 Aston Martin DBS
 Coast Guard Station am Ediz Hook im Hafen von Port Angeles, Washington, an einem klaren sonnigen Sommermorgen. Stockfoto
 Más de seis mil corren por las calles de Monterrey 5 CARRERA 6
-----
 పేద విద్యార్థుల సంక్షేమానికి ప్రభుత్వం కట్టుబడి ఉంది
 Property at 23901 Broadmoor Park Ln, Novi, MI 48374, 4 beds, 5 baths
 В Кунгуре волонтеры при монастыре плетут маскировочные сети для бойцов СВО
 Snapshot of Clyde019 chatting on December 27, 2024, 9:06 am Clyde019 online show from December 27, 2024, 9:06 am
-----
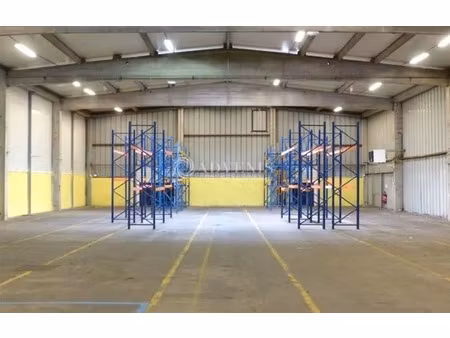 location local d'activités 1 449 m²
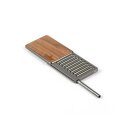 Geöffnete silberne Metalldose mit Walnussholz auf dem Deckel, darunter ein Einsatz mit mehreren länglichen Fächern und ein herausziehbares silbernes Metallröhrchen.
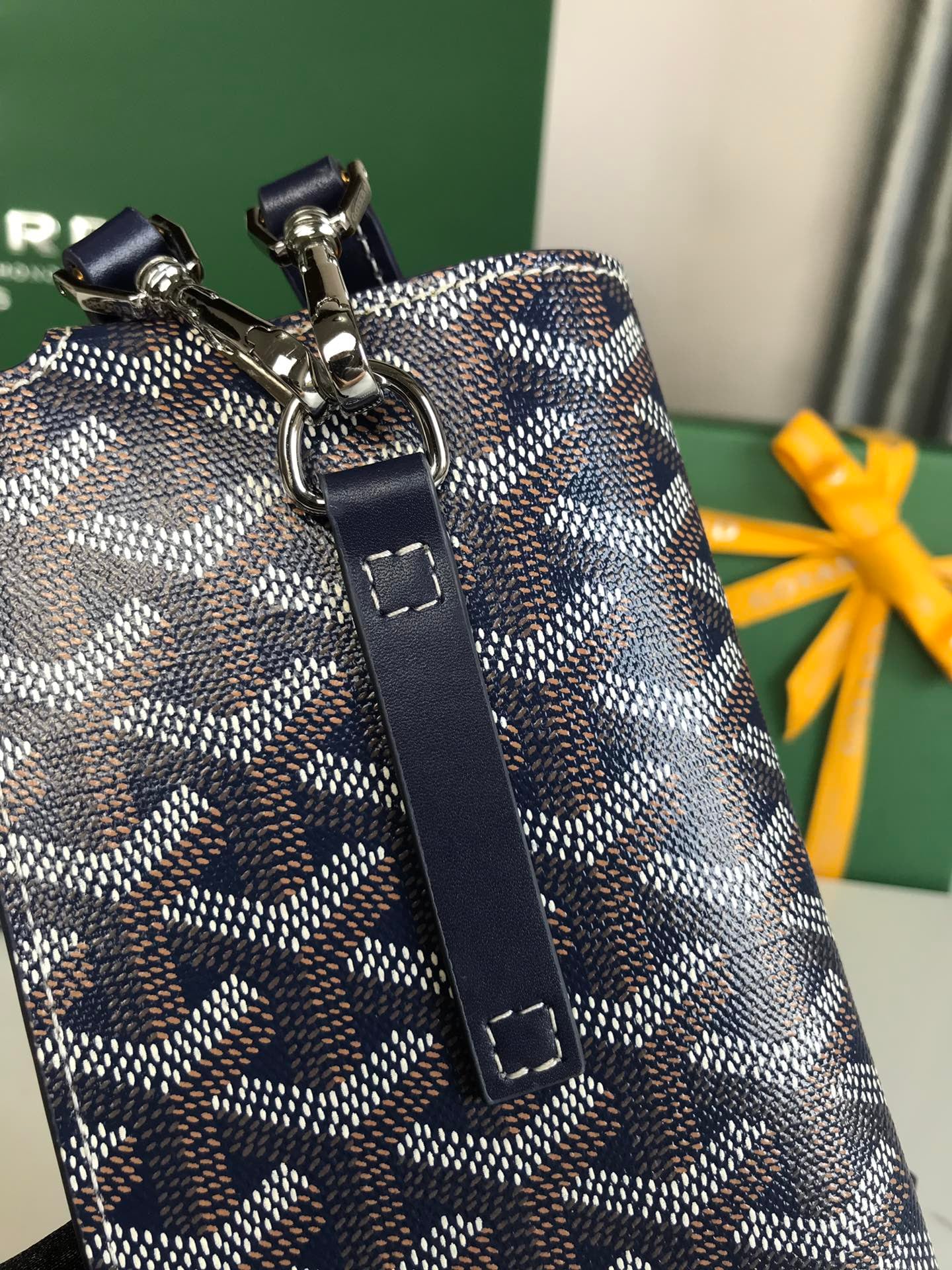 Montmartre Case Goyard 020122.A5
-----
WORK REQUEST :: Please give again the lines above between the line holding "Aston Martin DBS" and the line holding "Más de seis", inclusive, exactly as they are and with nothing added.

EXERCISE RESPONSE ::
 Aston Martin DBS
 Coast Guard Station am Ediz Hook im Hafen von Port Angeles, Washington, an einem klaren sonnigen Sommermorgen. Stockfoto
 Más de seis mil corren por las calles de Monterrey 5 CARRERA 6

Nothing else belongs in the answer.